As permitted under SFAS No. 109, prior years' financial statements have not been
restated. The principal temporary differences under SFAS No. 96 in the deferred
tax (benefit) provision were (in thousands):
1993 1992
Intercompany profit adjustments in
foreign inventories $(1,339) $ (122)
Asset valuation reserves:
Domestic (271) (4)
Foreign - 197
Foreign research and development
credits - (1,962)
Deferred expenses (1,363) -
Other items, net (662) (4)
Total $(3,635) $(1,895)
The effective income tax rates in the Consolidated Statements of Operations
differ from the statutory federal income tax rates as follows:
1994 1993 1992
Statutory U.S. income tax rate 35.0% 34.0% 34.0%
Increase (decrease) resulting from:
Foreign statutory tax rates differential (.2) 1.7 3.8
Foreign operating loss for which no carryback
benefit is available - .2 1.1
Utilization of net operating losses (1.6) (8.4) (16.4)
Minimum tax - 2.0 1.8
Foreign tax credits - (9.3) -
Other items, net 2.6 6.1 2.5
Effective tax rates 35.8% 26.3% 26.8%
Undistributed earnings of foreign subsidiaries of $76.6 million at June 30, 1994
are indefinitely reinvested in foreign operations; accordingly no provision has
been made for income taxes that might be payable upon remittance. It is not
practical to estimate the amount of tax that might be payable on the eventual
remittance of such earnings. On remittance, certain foreign countries impose
withholding taxes that are then available for use as credits or deductions
against U.S. tax liability, if any, subject to certain limitations. The amount
of withholding tax that would be payable on remittance of the entire amount of
undistributed earnings at June 30, 1994 would approximate $3.9 million.
7. Employee benefit plans
The Company has a domestic non-contributory defined benefit pension plan (the
"Plan") which covers substantially all full-time domestic employees. The
Company's policy is to contribute amounts as are necessary on an actuarial basis
to provide assets sufficient to meet the benefits requirements in accordance
with ERISA and federal income tax regulations. The assets of the Plan consist
mainly of common stock and intermediate bond investments.

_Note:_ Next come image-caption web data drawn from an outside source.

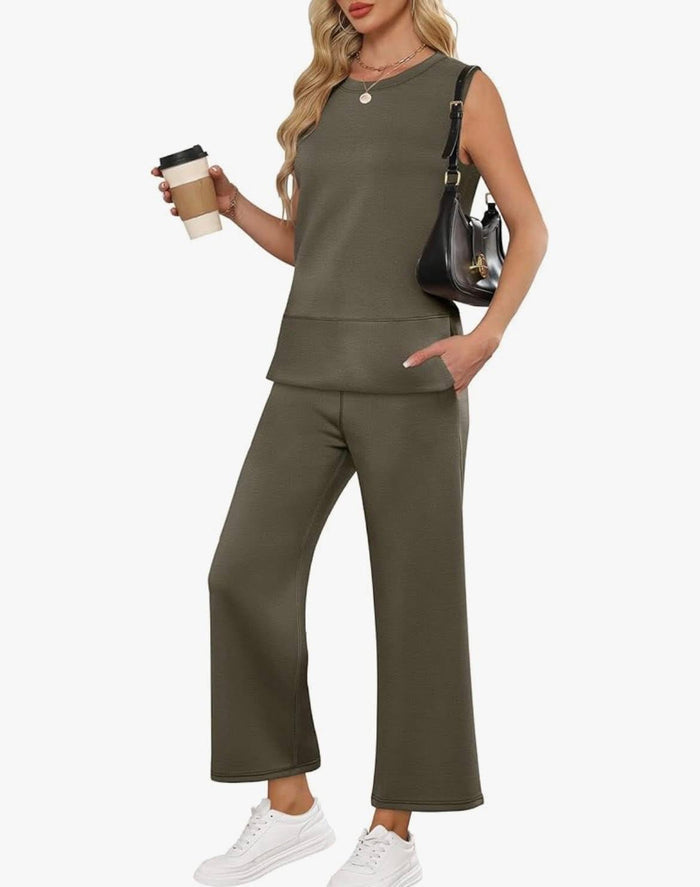 ANRABESS NWT Womens 2 Piece Wide Leg Pants Lounge Set Medium
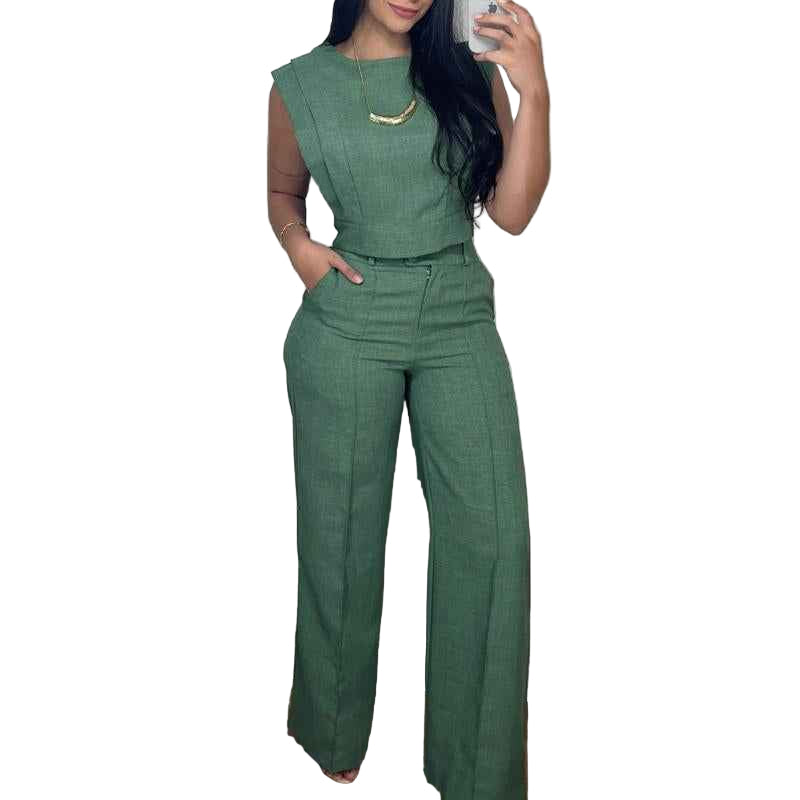 Women's 2 Piece Crop Top and Pants Set - Cyndora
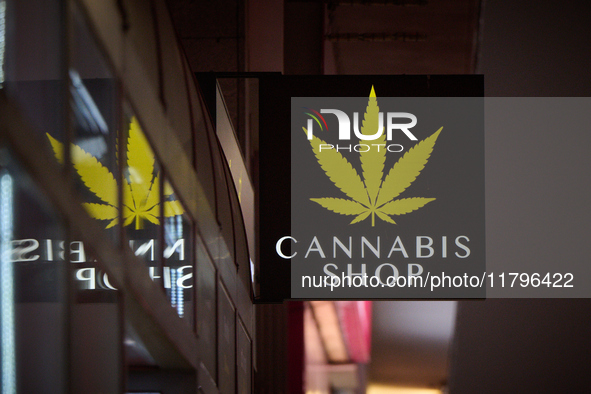 A cannabis shop is seen in Warsaw, Poland on 20 November, 2024. 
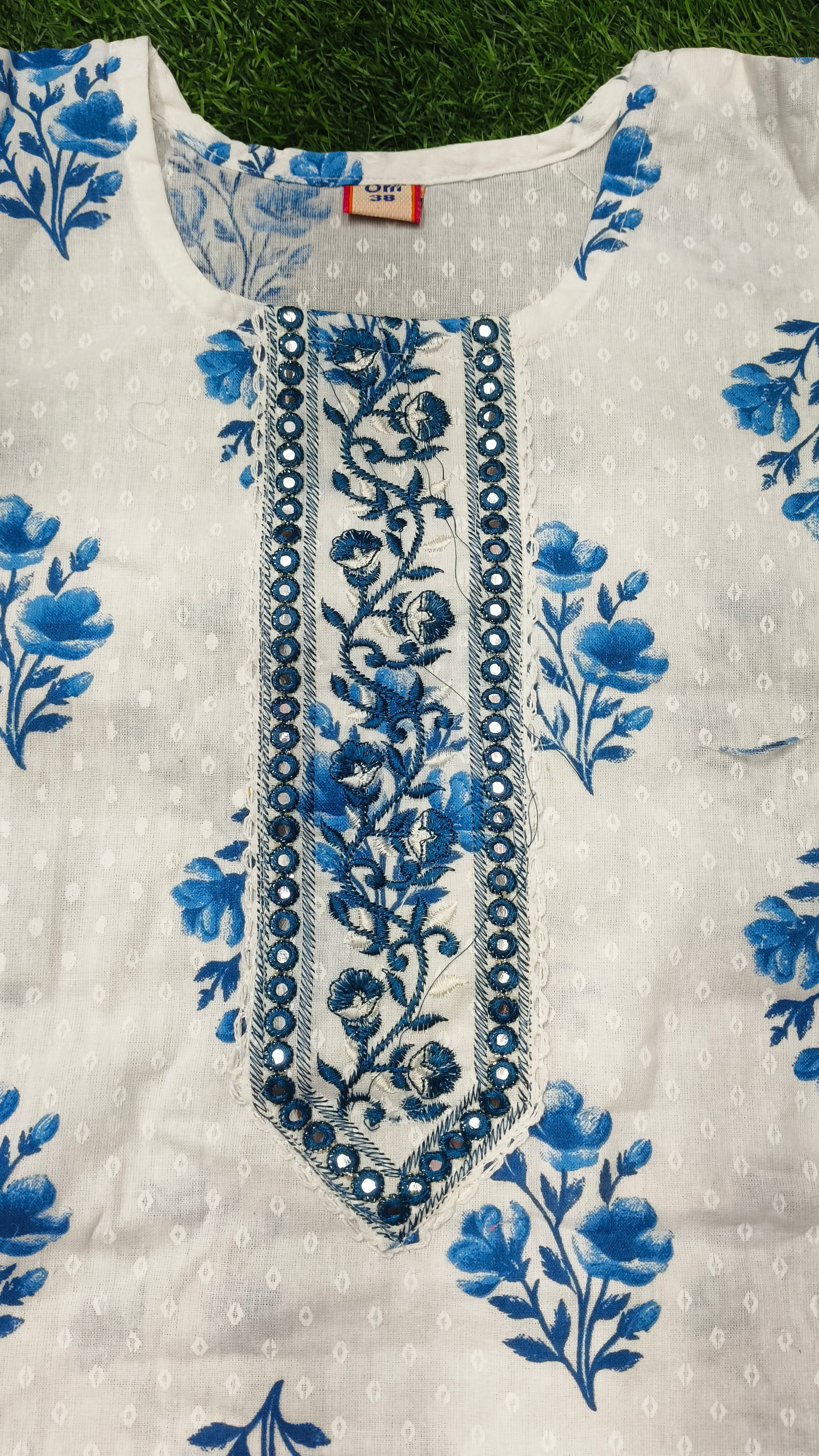 Elegant White and Blue Floral Printed Cotton 3-Piece Kurti Set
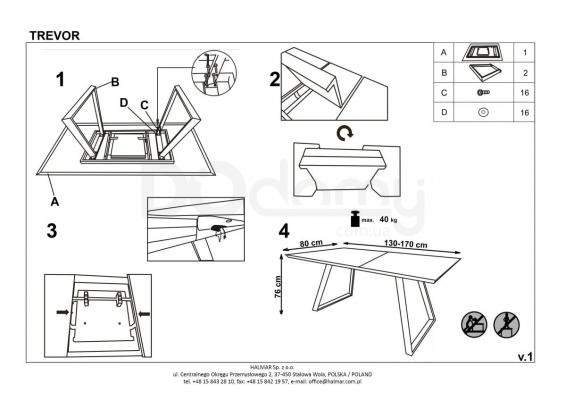 Стол HALMAR TREVOR, фото 2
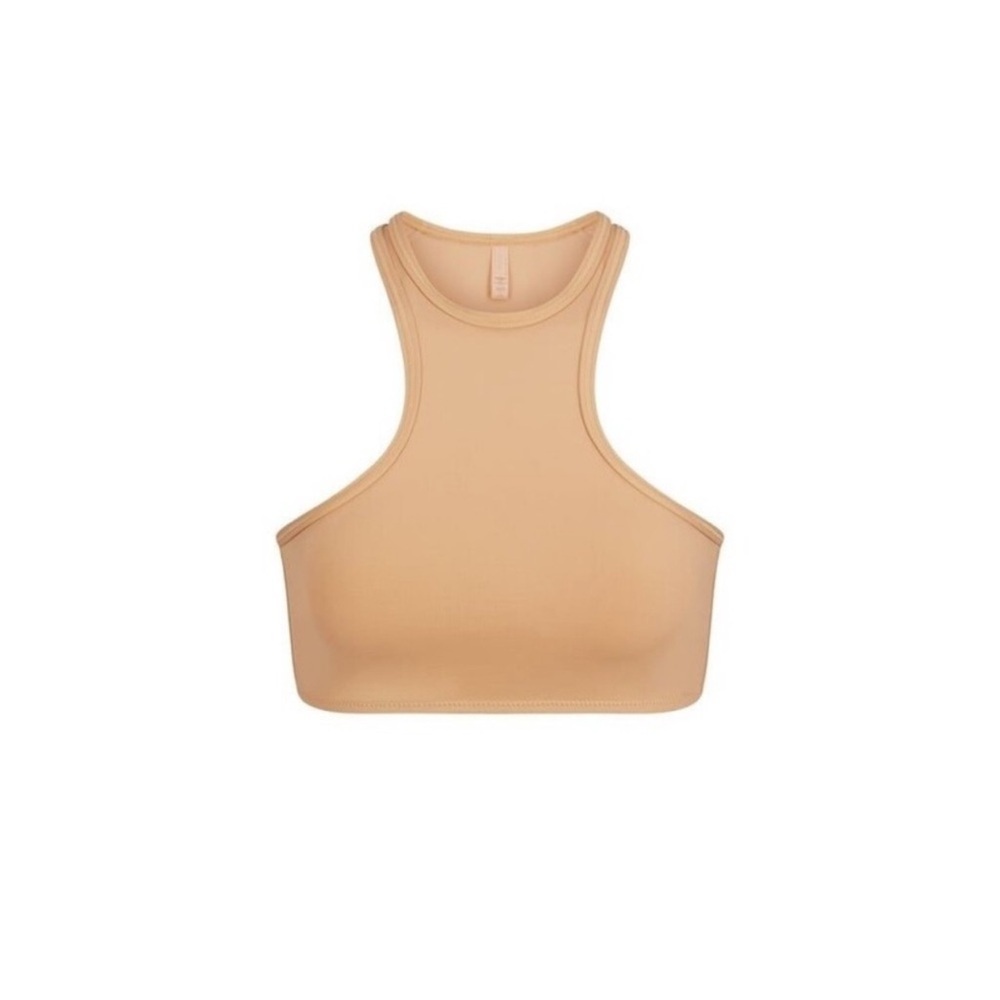 Skims (B9) Swim High Neck Racerback Bikini Top- Ochre Nwt Size L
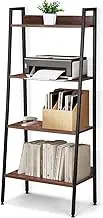 RUNTOP Industrial Bookshelves and Bookcases, Ladder Shelf 4 Tiers with Metal Frame for Living Room, Home Office, Storage Racks and Shelving, Freestanding Display Plant Shelves, Rustics Brown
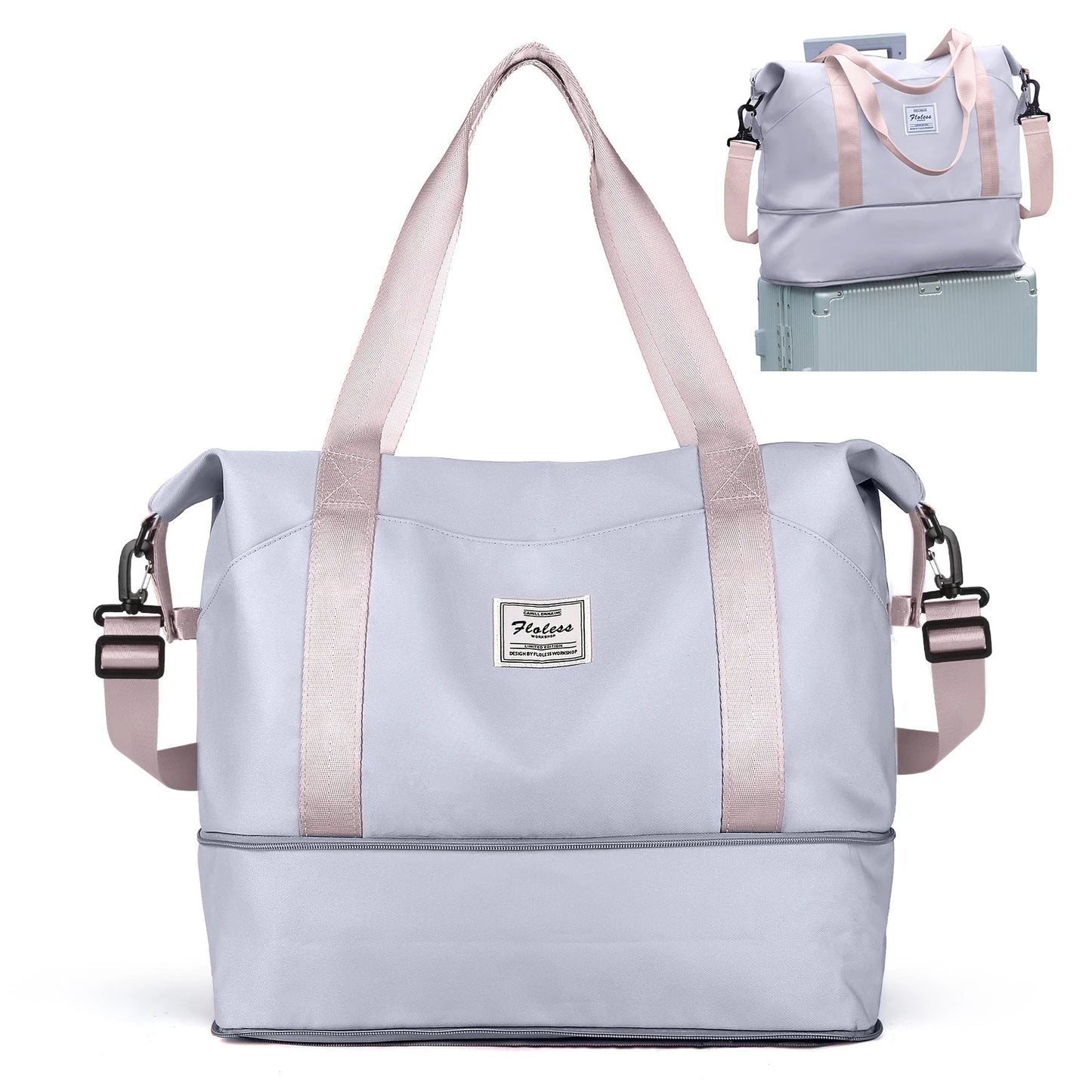 Expandable Travel Duffle Bag for Women Carry On, Weekender Overnight Shoulder Bag,Gym Tote Bag Wet Pocket Delivery Hospital Bag Good Vibrations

Net periodic pension cost for each of the three years ended June 30, 1994, 1993
and 1992 included the following components (in thousands):
1994 1993 1992
Service cost - benefits earned during the
period $ 1,661 $ 1,303 $ 1,148
Interest cost on projected benefit obligation 2,875 2,585 2,272
Return on assets (2,011) (2,339) (2,990)
Net amortization and deferral (356) 102 739
Net pension cost $ 2,169 $ 1,651 $ 1,169
The actuarial assumptions used in the three year period ended June 30, 1994 were
as follows:
1994 1993 1992
Discount rates 8% 8-1/2% 8-1/2%
Long-term rate of return on assets 9% 9% 8-1/2%
Rates of increase in compensation levels:
To age 30 9% 9% 10%
To age 40 7% 7% 8%
Thereafter 5% 5% 6%
The following table sets forth the Plan's funded status and amounts recognized
in the Company's Consolidated Balance sheets at June 30, 1994 and 1993 (in
thousands):
1994 1993
Actuarial present value of benefit obligations:
Vested benefit obligation $(31,912) $(27,756)
Nonvested benefit obligation (660) (404)
Accumulated benefit obligation (32,572) (28,160)
Excess of projected benefit obligation over
accumulated benefit obligation (7,056) (5,284)
Projected benefit obligation (39,628) (33,444)
Plan assets at fair value 30,850 27,965
Projected benefit obligation in excess of plan
assets (8,778) (5,479)
Unrecognized net loss 8,323 4,886
Unrecognized prior service cost 3,102 3,633
Unrecognized net transition (asset) originating
July 1, 1986 (3,742) (4,490)
Additional minimum liability (626) -
Accrued pension costs $ (1,721) $ (1,450)
The provisions of Financial Accounting Standards Board Statement No. 87,
"Employers' Accounting for Pensions", require recognition in the balance sheet
of an additional minimum liability up to the unfunded accumulated benefit
obligation and related intangible asset for pension plans with accumulated
benefits in excess of plan assets. Accordingly, an intangible asset equal to
the amount of the additional minimum liability of $626,000 above has been
recorded in other assets in the Consolidated Balance Sheet at June 30, 1994.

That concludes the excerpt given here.